Dans la Politique du 1 %, l’une des questions prépondérantes est celle de l’intégration : l’œuvre d’art n’a d’existence que sur un lieu choisi et sa conception trouve ses prémisses dans l’espace qui va la recevoir. En sociologie, le terme « intégration » s’entend comme un processus de rapprochement entre une personne et un groupe de personnes plus vaste. Pour l’art public, il s’agit également d’un processus de combinaison entre une œuvre d’art et un édifice architectural dans lequel l’importance de la proportionnalité est explicite. La notion d’intégration interpelle les termes « combiner, harmoniser, allier, arranger, assembler, associer, assortir, mélanger, mêler, réunir » mais non pas « assimiler ».

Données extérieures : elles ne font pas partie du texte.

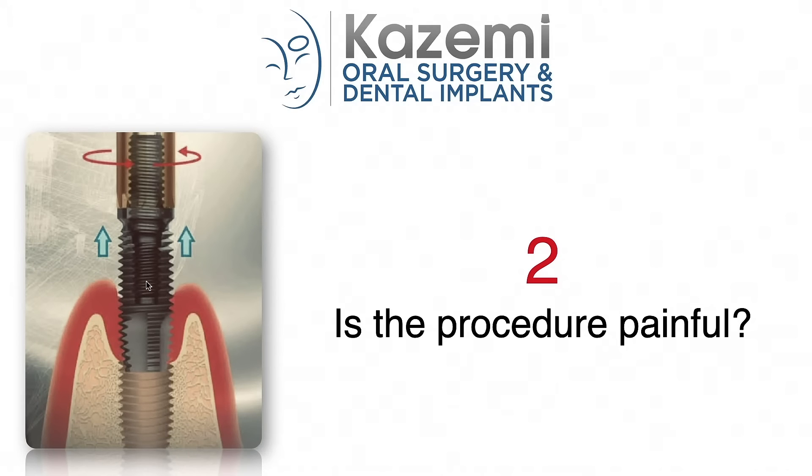Question number two: Is the procedure painful? The removal of dental implants with the reverse torque technique is absolutely pain-free. It can be done under local anesthesia or IV sedation for those who want to be more comfortable. For patients who are awake with local anesthesia, there is only a sense of pressure during the reverse torque, but no pain at all. Because the procedure is completely non-invasive, there is no or minimal pain afterward. Most patients take some Advil or Tylenol for two or three days as needed. There is also no swelling and minimal risk of infection, thanks to the non-invasive nature of this technique.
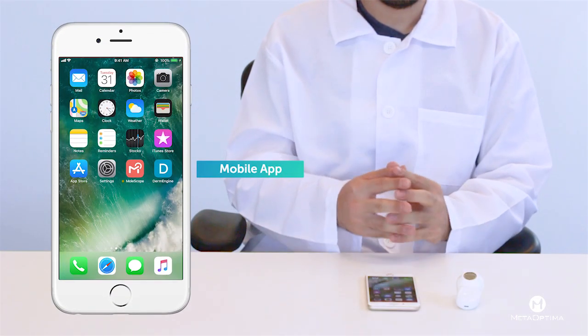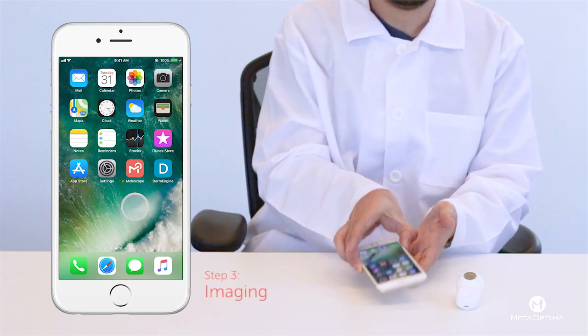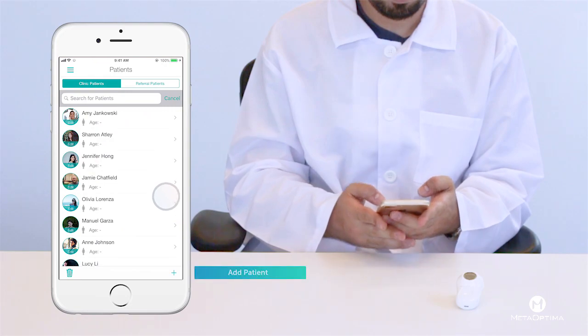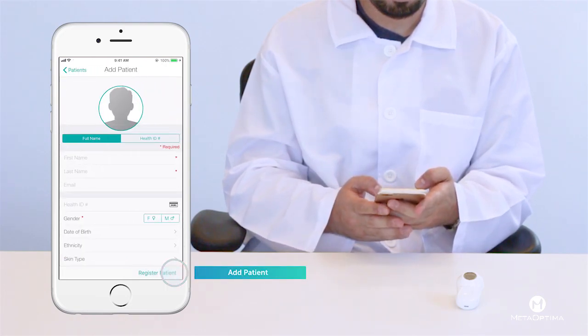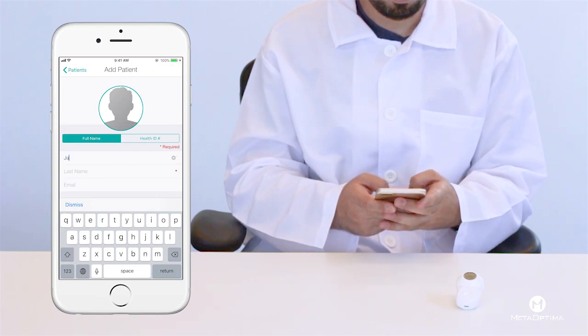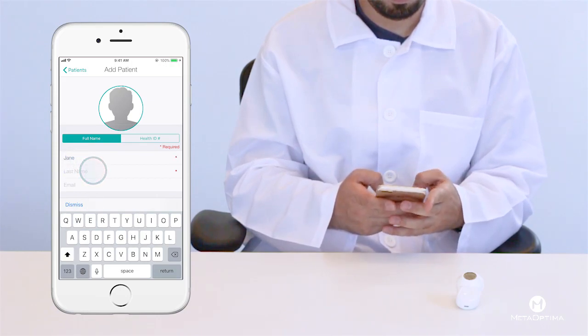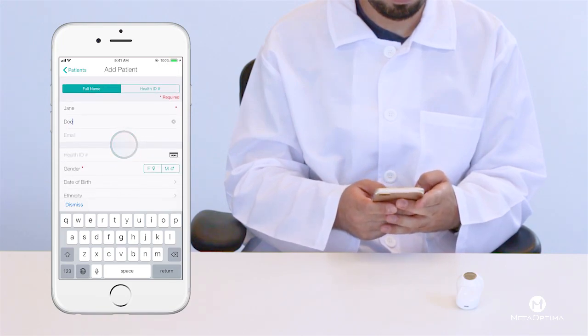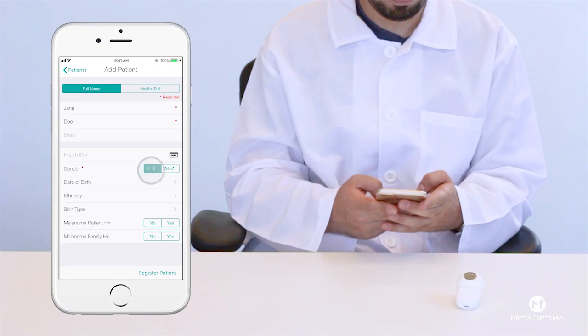Over to the Molescope app. Once you've downloaded the app and created your account, you are ready to add a mole. First, let's create your patient. From your patients list, press the plus icon to add a new patient. A form will appear where you simply fill in their information. Once you're done, press register patient to finish.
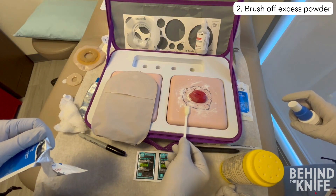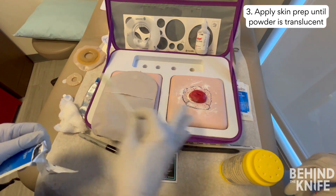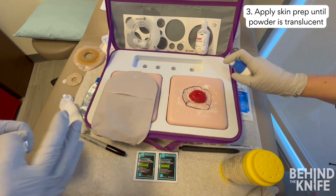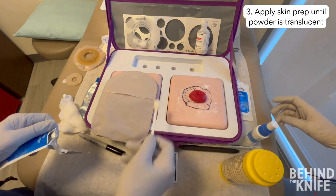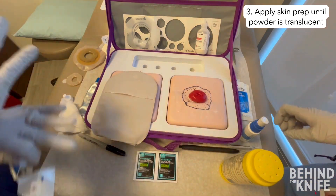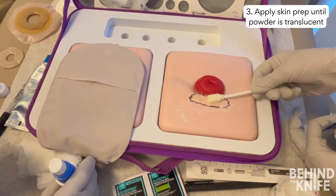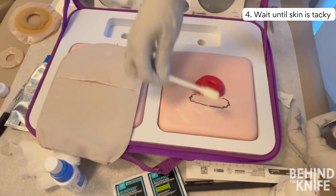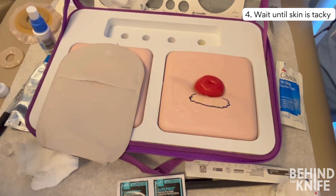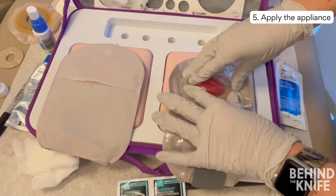Once your powder is set, you should add a skin prep. Skin prep comes in many different forms including sprays, towelettes, and lollipop applicators. Which one you use is not important, but the way you apply it is. Press the skin prep into the raw areas until the powder becomes translucent. Wait until the skin prep is tacky when you touch it, then apply your ostomy appliance. This skin prep will help your patients heal raw areas and prevent them from getting more irritated skin in the future.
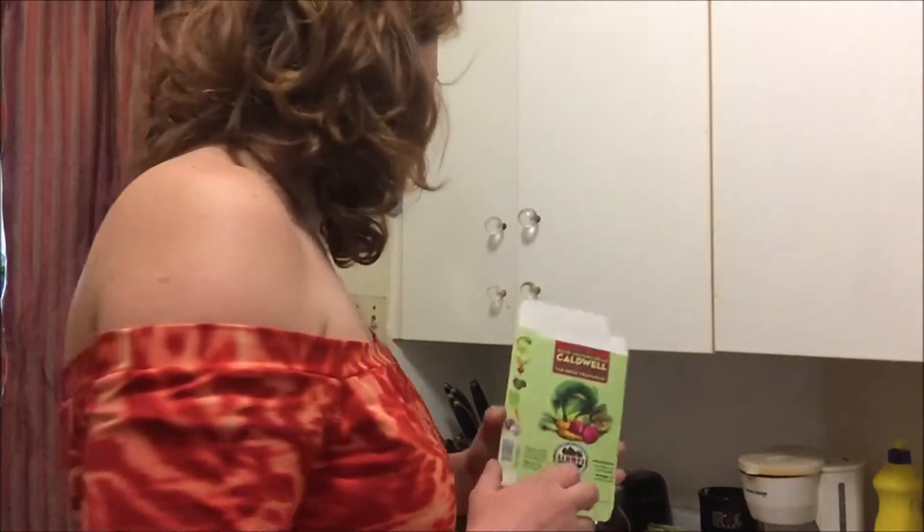I'm going to use this live bacterium starter culture. You can ferment vegetables naturally using the bacteria on the vegetable itself, but I heard that didn't work out for many people so I wanted to make sure it works. I found this on Amazon for $22 — there were six packages in it, and apparently once you buy one you just refill and keep using the same thing.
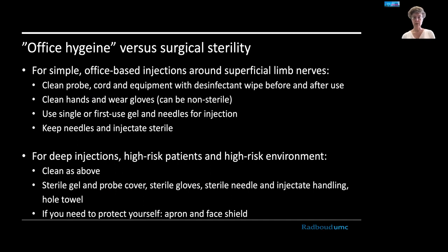Let's discuss the concept of office hygiene versus surgical sterility. Basic office clinic sterility is usually sufficient for injections around superficial limb nerves in a non-critical patient or environment: clean the probe, cord, and equipment with disinfectant wipes before and after use, clean your hands, wear non-sterile gloves, and use single-use gel and needles, keeping needles and injectate sterile until the injection is performed. For deeper injections — such as the obturator nerve in an obese patient — or high-risk patients with immunocompromise, skin breakage, or ICU settings, add sterile gel, a probe cover, sterile gloves, careful injectate handling, and a sterile drape.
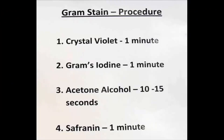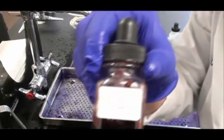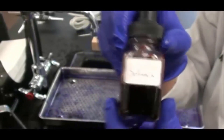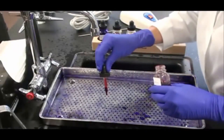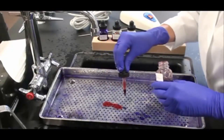My last step is going to be applying safranin. This is a counter stain. My Gram-negative bacteria don't have any stain in them at this point and I need to add a stain so I can see them under the scope. We use safranin as a counter stain because it's pink in contrast to the purple crystal violet. I let the drops of safranin fall onto the slide, making sure I cover all three bacterial smears.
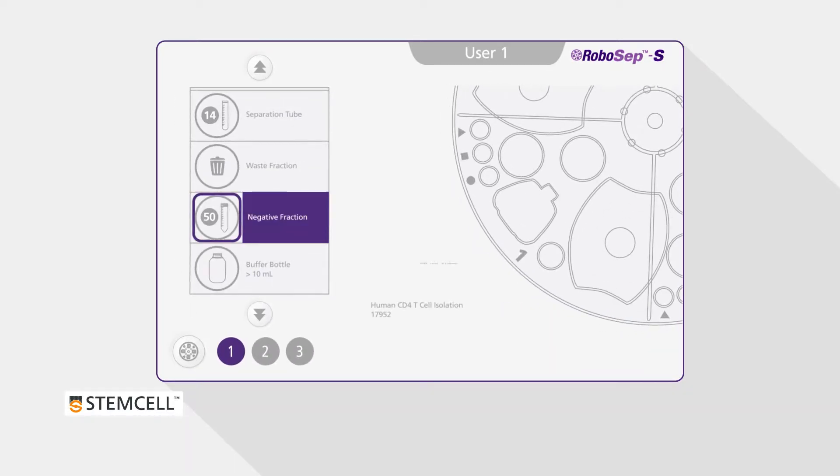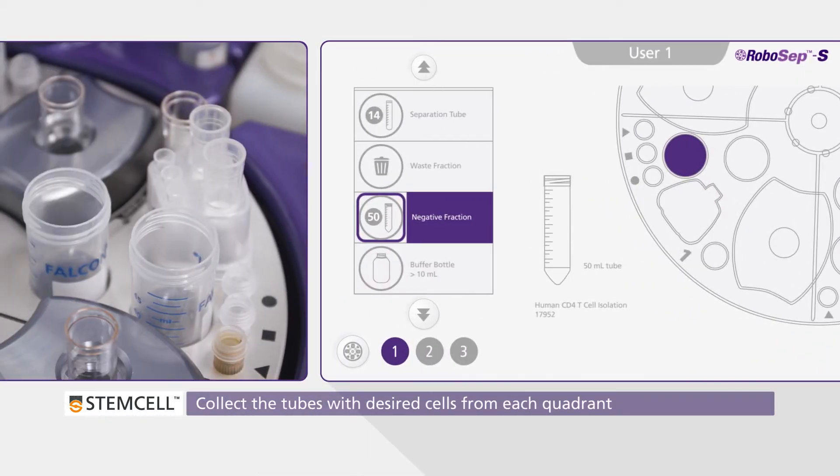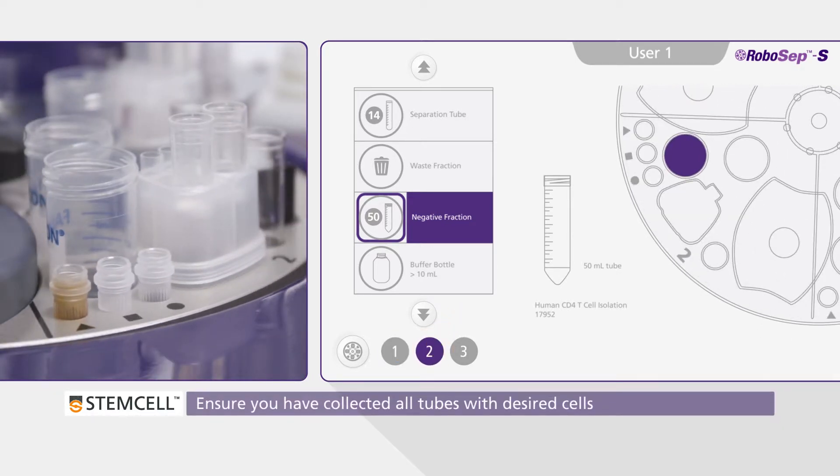On the screen, the location of the tubes containing the desired cells will be highlighted in purple. Click on each quadrant icon on the screen to ensure you have collected all of the tubes.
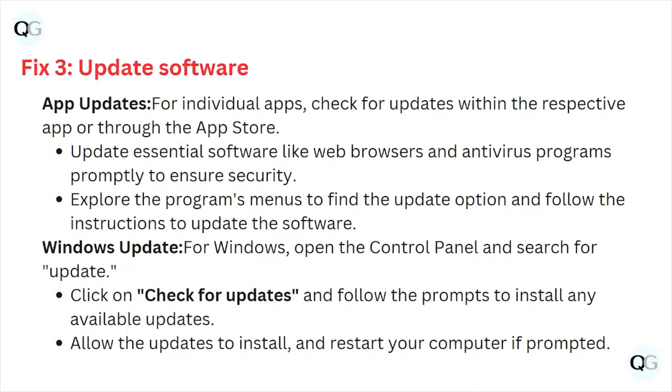Fix number three: update software. For individual apps, check for updates within the respective app or through the app store. Update essential software like web browsers and antivirus programs promptly to ensure security. Explore the program menus to find the update option and follow the instructions to update the software.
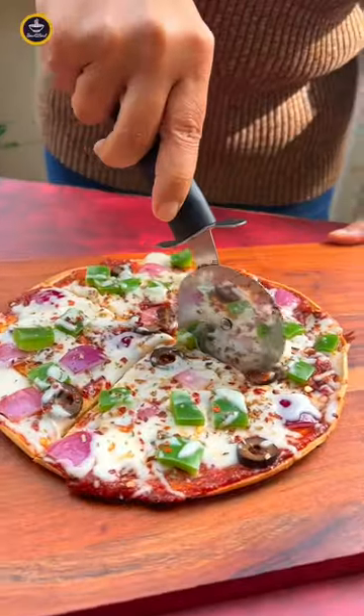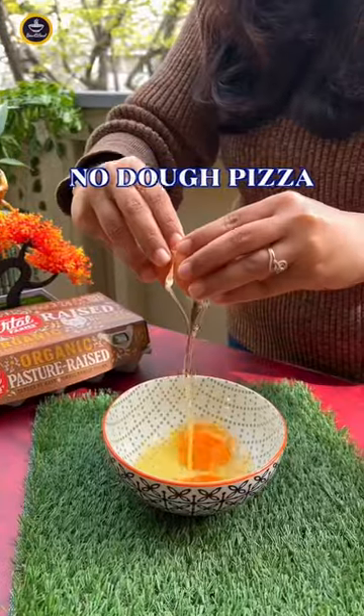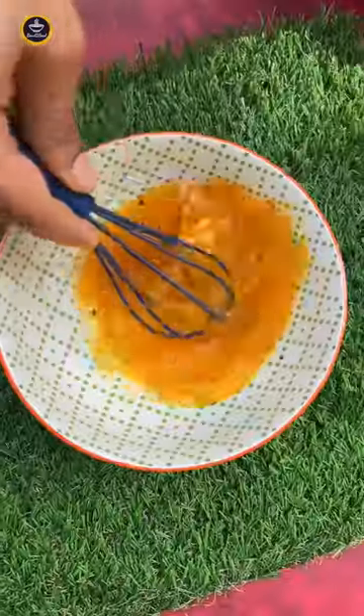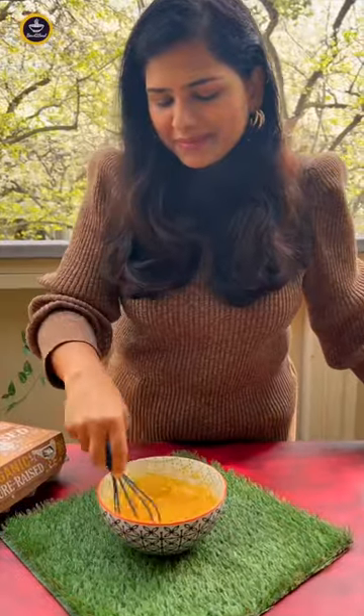Stop making your regular pizza and try this high protein pizza because it's super simple to make and absolutely delicious. To make the base we start by whisking eggs and then add whole wheat flour along with the milk to get perfect thickness and fluffiness.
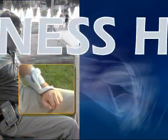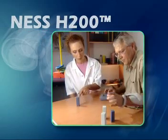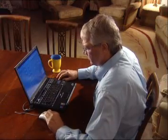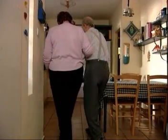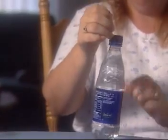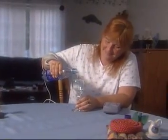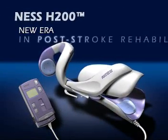Technologically superior and ergonomically advanced, the Ness H200 optimizes session time for patients and clinicians, accelerates rehabilitation, and promotes independence and self-confidence. For the millions disabled from stroke and other central nervous system injuries, the road to rehabilitation and return to normal life is long and arduous. The Ness H200 system provides the much-needed assistance on this difficult and costly road — a major technological breakthrough defining a new era in post-stroke rehabilitation.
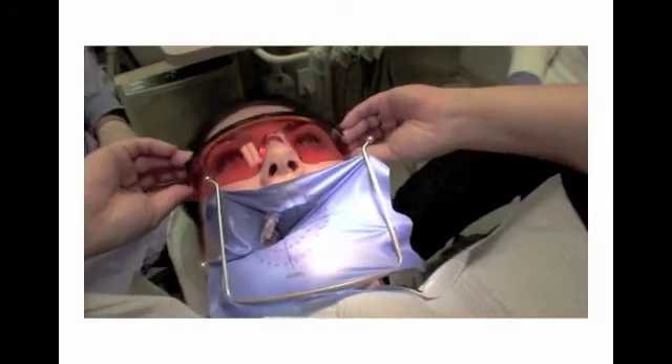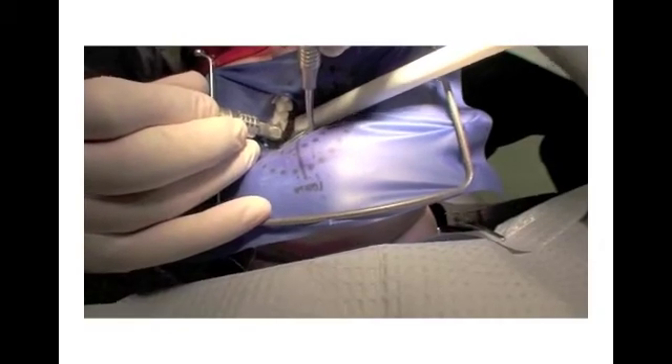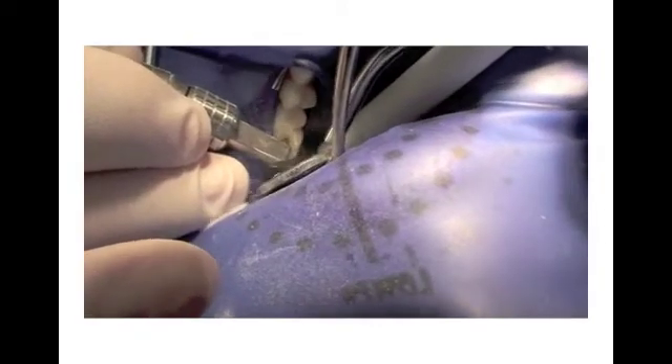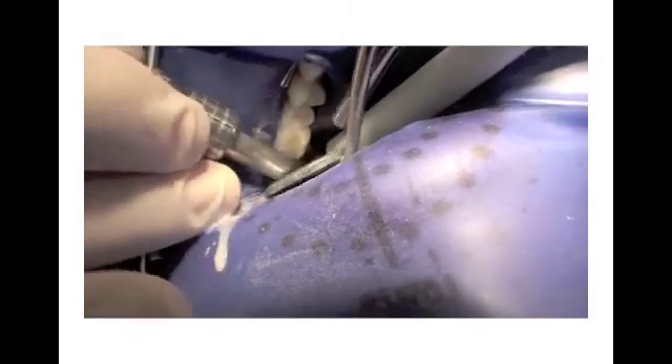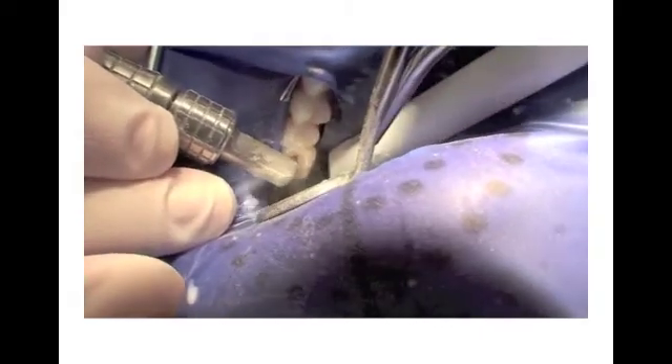Isolation of the tooth is essential with a rubber dam, an isolate-type device, or damp gauze. Always wear your personal protective gear and provide eye protection for your patient. The PrepStart H2O handpiece is about half the size of a conventional turbine or electric dental handpiece. This provides better access when treating smaller pediatric patients, or when you're near the rubber dam clamp.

Les modalités de la sculpture ornementale

À l’Université de Montréal, au sein de ses projets d’intégration des arts à l’architecture, Pierre Granche s’est intéressé à un subtil principe d’intégration, dans plusieurs sens du terme. L’artiste concevait ses travaux comme des sculptures environnementales, en lien étroit avec les lieux physiques. Dans Topographie/Topologie (1976), Granche a cherché à établir un système sculptural ouvert en investissant le concept de spatialité. En utilisant le terrain du CEPSUM comme matériaux premiers, il a créé des discontinuités et des voisinages à partir de critères formels divers. Des formes graduellement émergent du sol et les matériaux utilisés par l’artiste renvoient au béton de l’édifice du CEPSUM. On observe des échos faits à la nature à travers une série de planches de bois, par l’usage du gazon, par les gradations du terrain et à travers la référence à la montagne. Si l’intégration se définie comme un processus et non comme un état, cela signifie qu’il y a évolution, mouvement et transformation, c’est un processus non linéaire. Pierre Granche disait lui-même que les projets de sculpture intégrée à l’architecture reposent sur des principes de rapprochement et d’accommodation des lieux. L’art intégré à l’architecture doit entretenir un dialogue avec l’endroit où il s’insère, tenir compte de l’échelle du lieu, travailler l’aspect de la signification avec le lieu. La politique d’intégration des arts à l’architecture requiert un travail de décodage des structures, de compréhension de l’atmosphère du site pour transformer le lieu par un jeu de formes en continuité avec l’environnement.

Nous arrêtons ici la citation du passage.